- _Task goal_
Pictures aside, repeat every entry exactly.

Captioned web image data
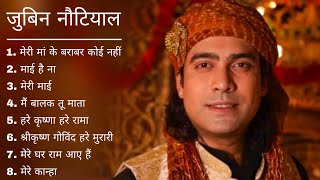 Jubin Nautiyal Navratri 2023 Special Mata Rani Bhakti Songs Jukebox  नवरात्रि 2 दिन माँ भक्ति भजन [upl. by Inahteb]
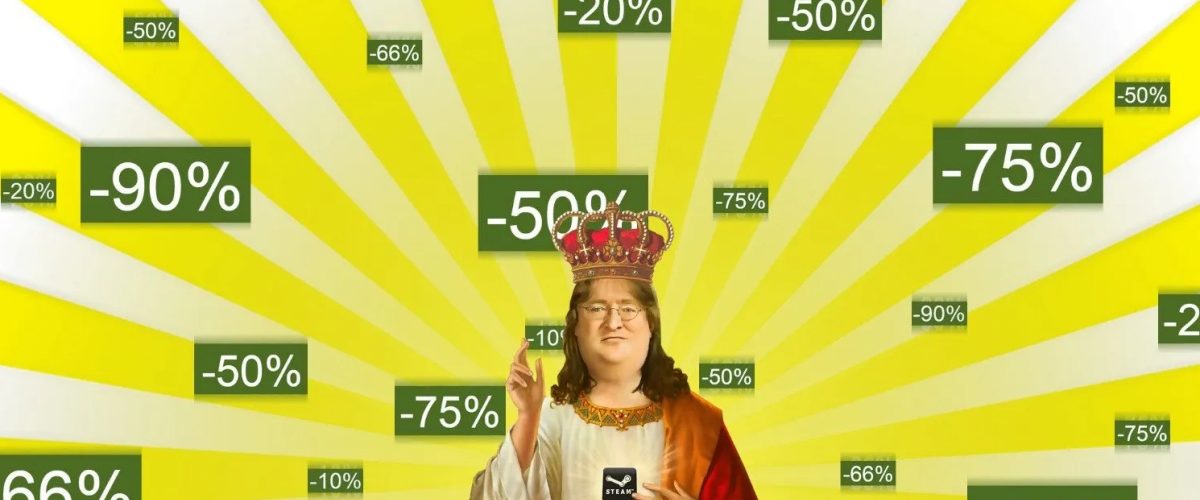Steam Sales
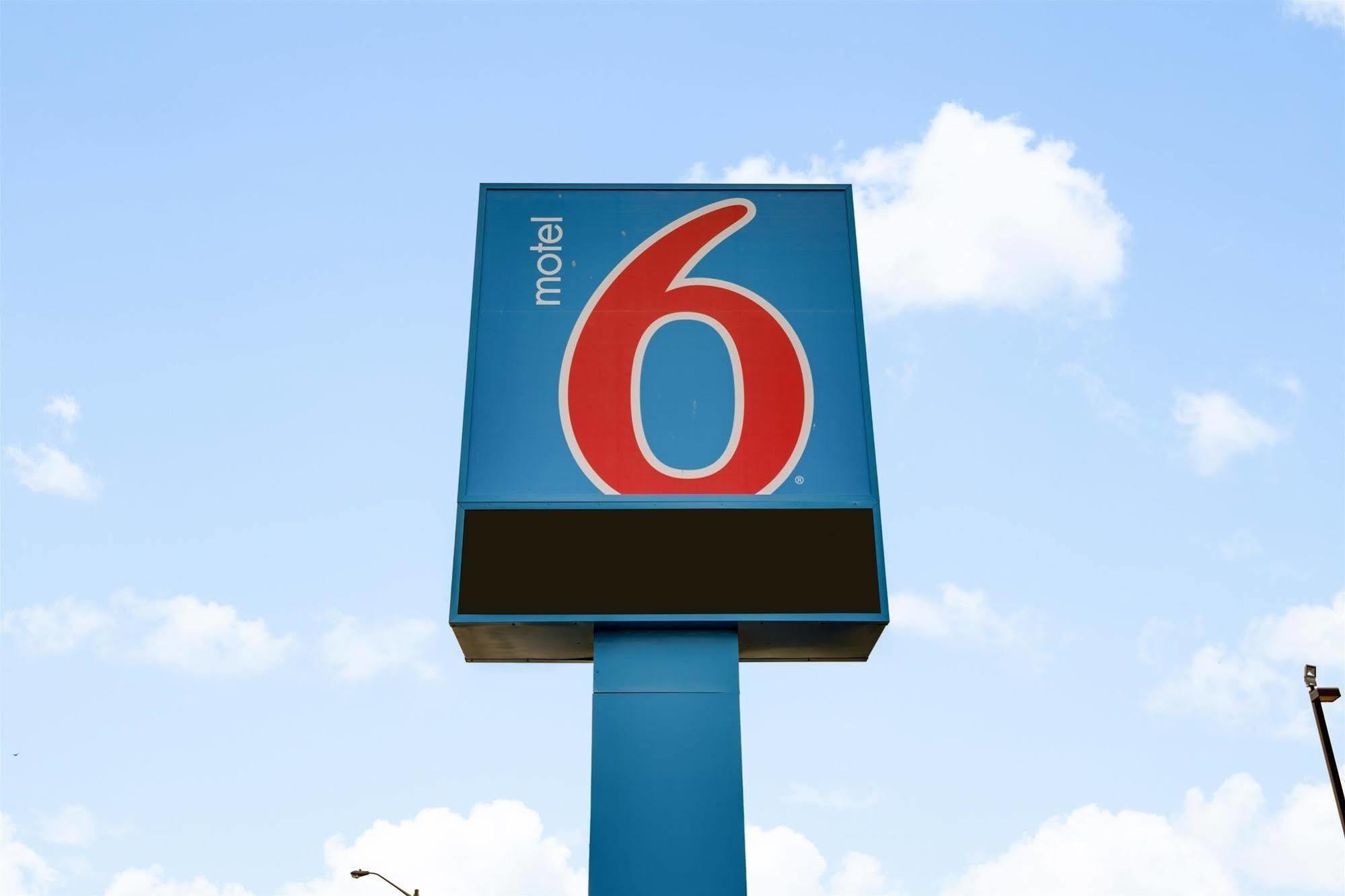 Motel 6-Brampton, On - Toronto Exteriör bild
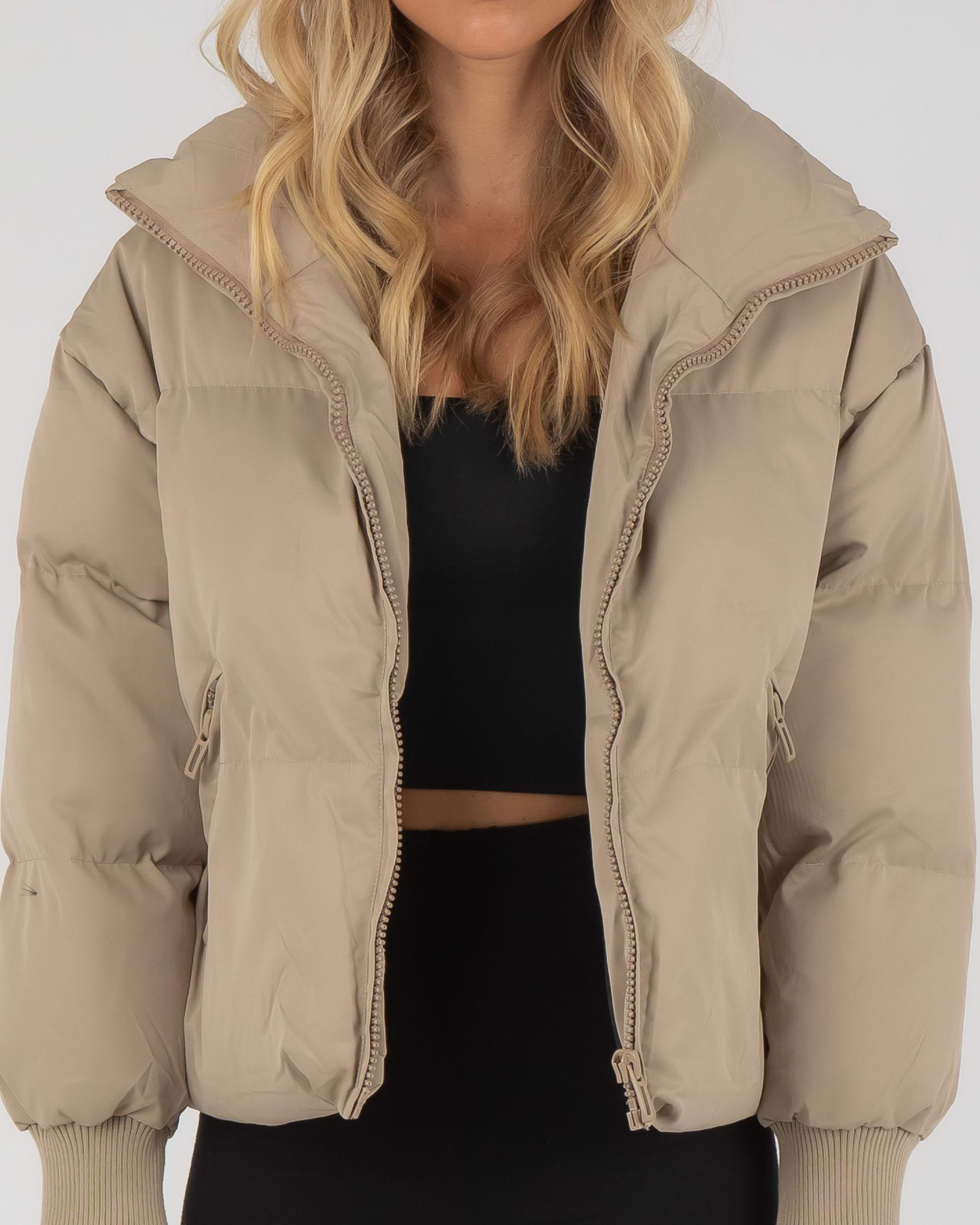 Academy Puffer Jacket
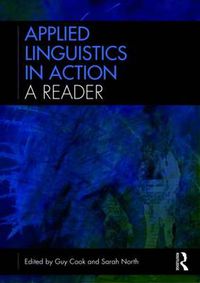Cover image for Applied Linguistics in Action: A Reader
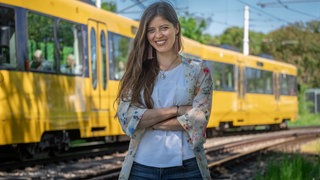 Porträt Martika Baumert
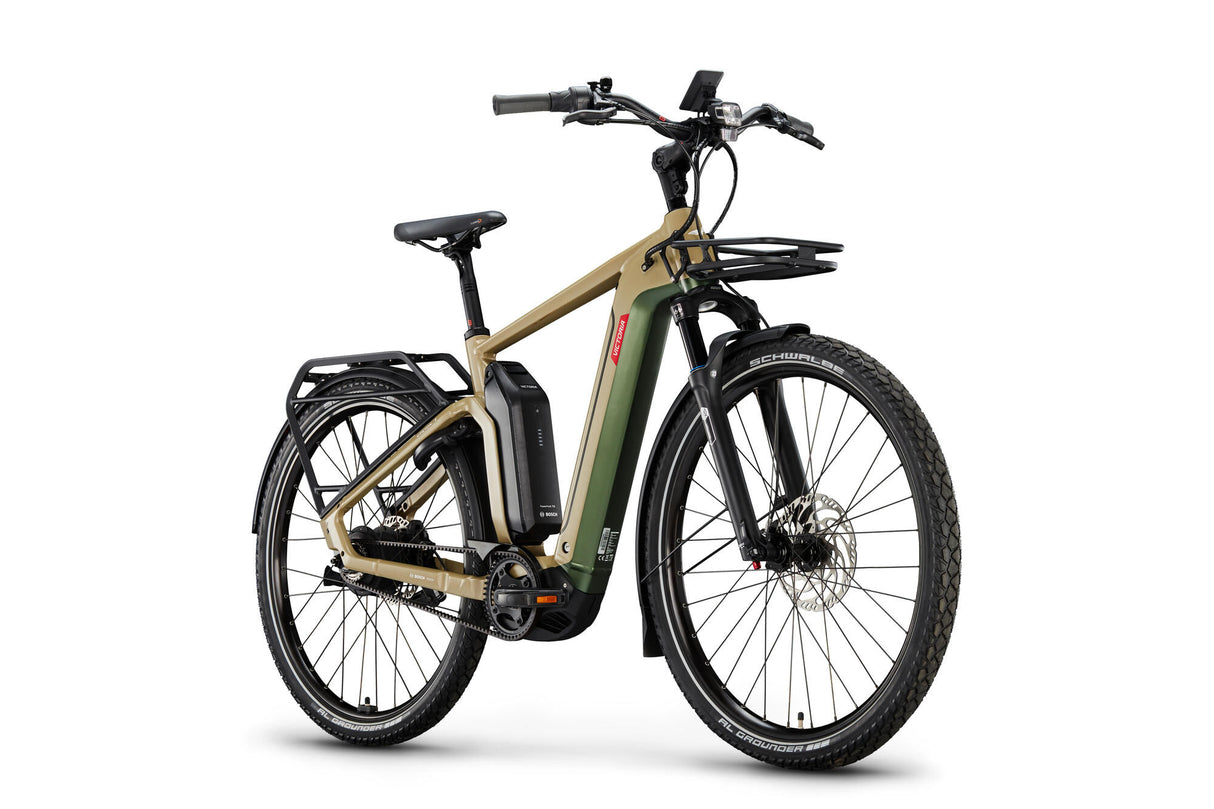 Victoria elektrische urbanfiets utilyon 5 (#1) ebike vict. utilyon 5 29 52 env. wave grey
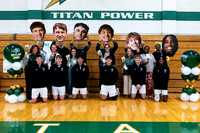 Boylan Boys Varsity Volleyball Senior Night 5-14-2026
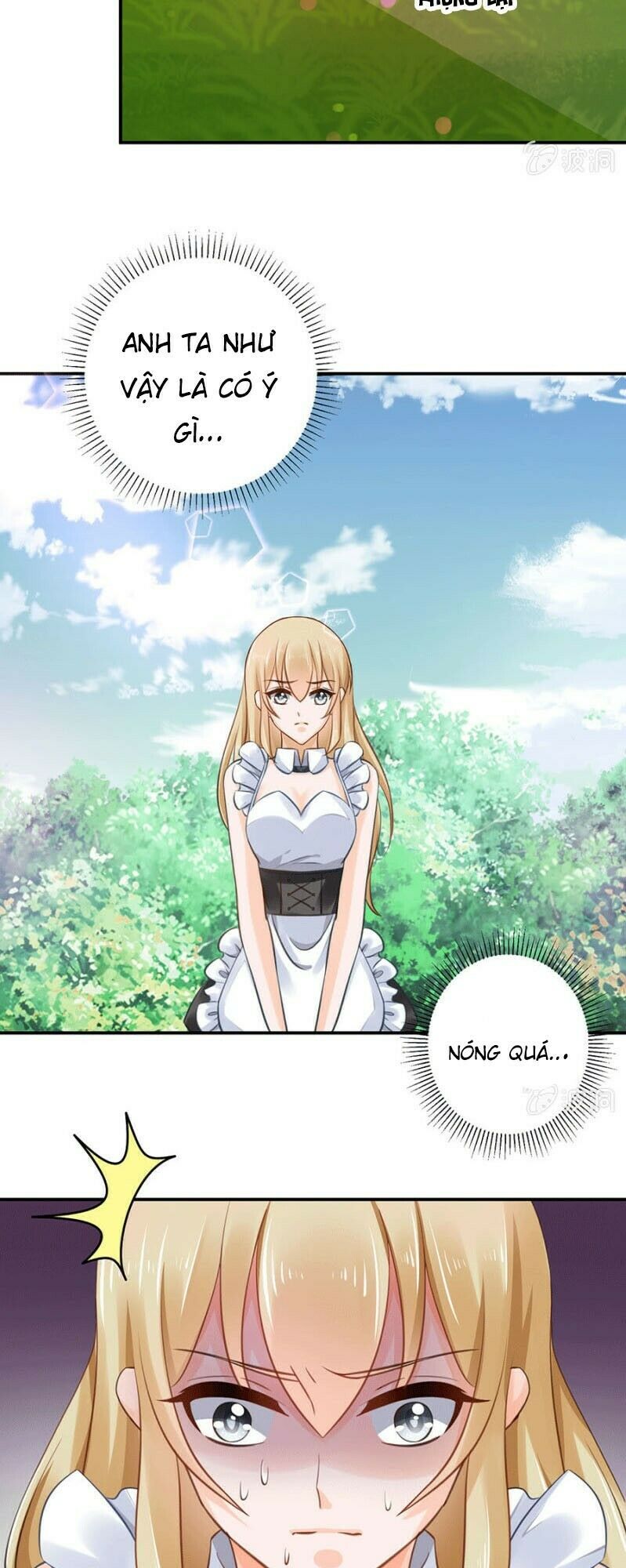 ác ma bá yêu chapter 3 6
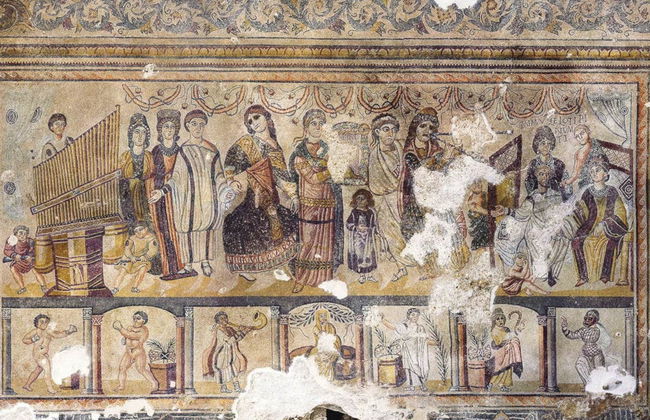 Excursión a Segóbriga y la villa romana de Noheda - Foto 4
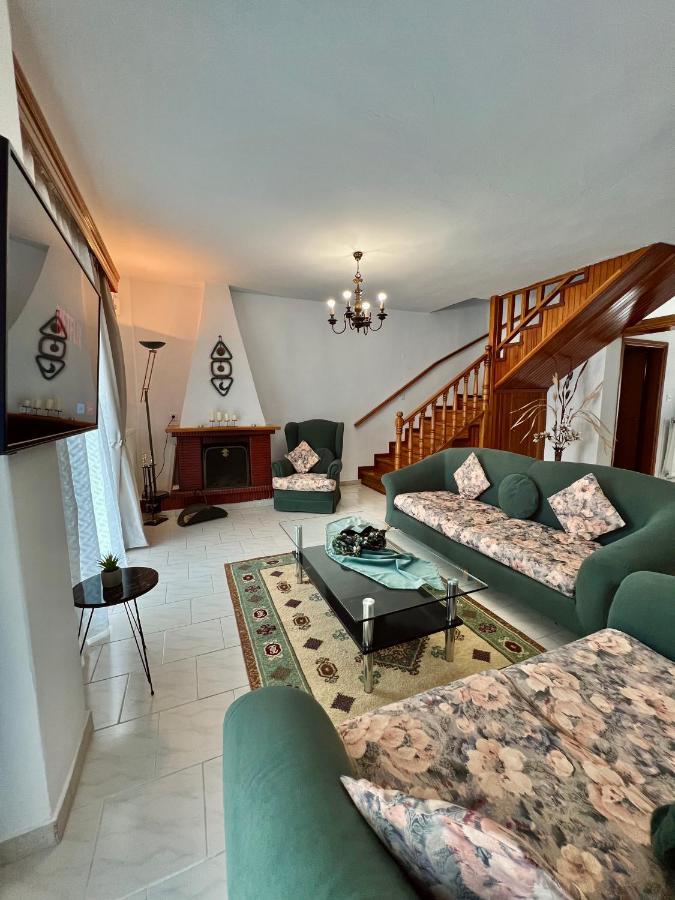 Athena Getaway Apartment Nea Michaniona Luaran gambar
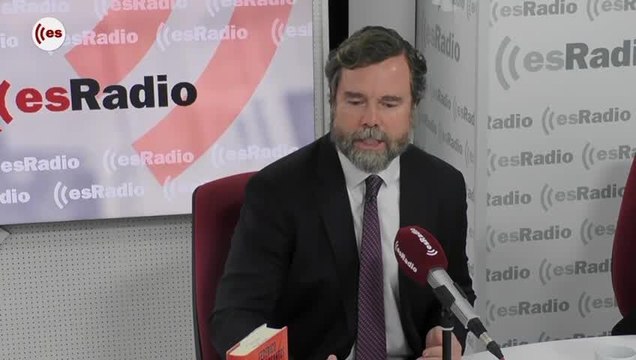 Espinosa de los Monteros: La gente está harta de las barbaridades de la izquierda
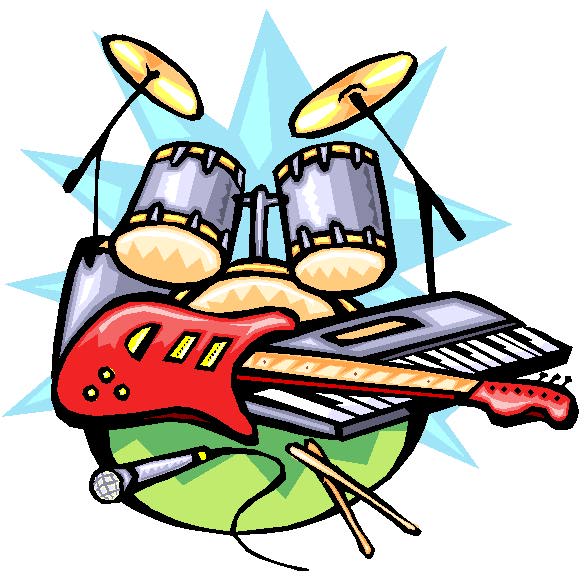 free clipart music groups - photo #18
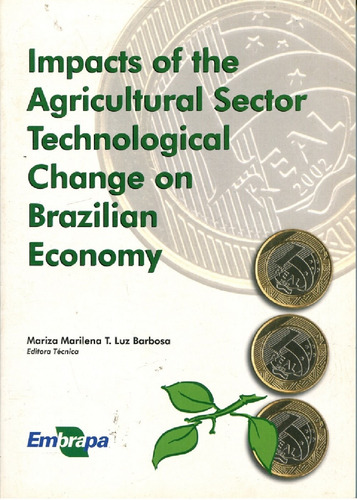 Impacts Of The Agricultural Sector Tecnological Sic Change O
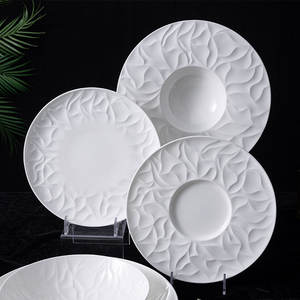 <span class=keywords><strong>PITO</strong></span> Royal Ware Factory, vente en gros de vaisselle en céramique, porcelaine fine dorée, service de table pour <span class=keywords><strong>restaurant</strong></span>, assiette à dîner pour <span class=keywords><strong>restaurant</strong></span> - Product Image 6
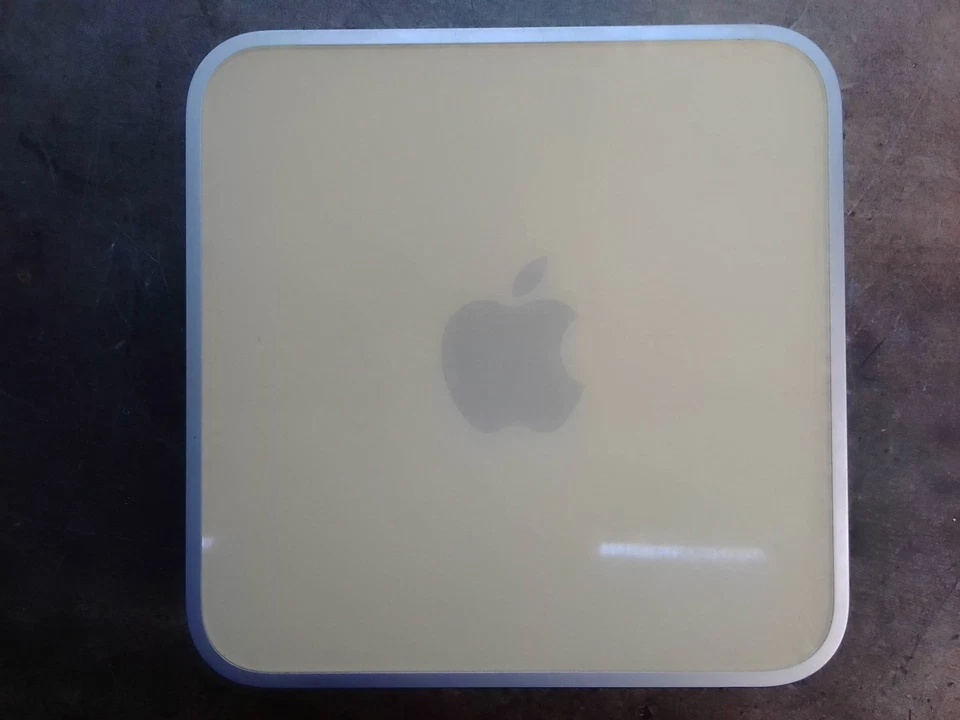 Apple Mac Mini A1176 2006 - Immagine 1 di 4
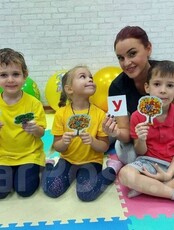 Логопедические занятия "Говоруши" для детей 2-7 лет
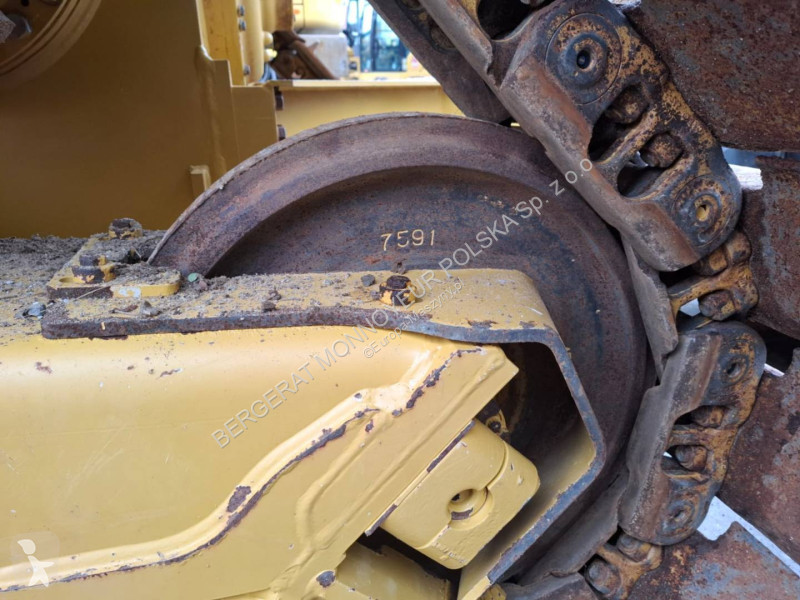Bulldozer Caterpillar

- _Task output_
 Jubin Nautiyal Navratri 2023 Special Mata Rani Bhakti Songs Jukebox  नवरात्रि 2 दिन माँ भक्ति भजन [upl. by Inahteb]
Steam Sales
 Motel 6-Brampton, On - Toronto Exteriör bild
 Academy Puffer Jacket
Cover image for Applied Linguistics in Action: A Reader
 Porträt Martika Baumert
 Victoria elektrische urbanfiets utilyon 5 (#1) ebike vict. utilyon 5 29 52 env. wave grey
 Boylan Boys Varsity Volleyball Senior Night 5-14-2026
 ác ma bá yêu chapter 3 6
 Excursión a Segóbriga y la villa romana de Noheda - Foto 4
 Athena Getaway Apartment Nea Michaniona Luaran gambar
 Espinosa de los Monteros: La gente está harta de las barbaridades de la izquierda
 free clipart music groups - photo #18
 Impacts Of The Agricultural Sector Tecnological Sic Change O
 <span class=keywords><strong>PITO</strong></span> Royal Ware Factory, vente en gros de vaisselle en céramique, porcelaine fine dorée, service de table pour <span class=keywords><strong>restaurant</strong></span>, assiette à dîner pour <span class=keywords><strong>restaurant</strong></span> - Product Image 6
 Apple Mac Mini A1176 2006 - Immagine 1 di 4
 Логопедические занятия "Говоруши" для детей 2-7 лет
Bulldozer Caterpillar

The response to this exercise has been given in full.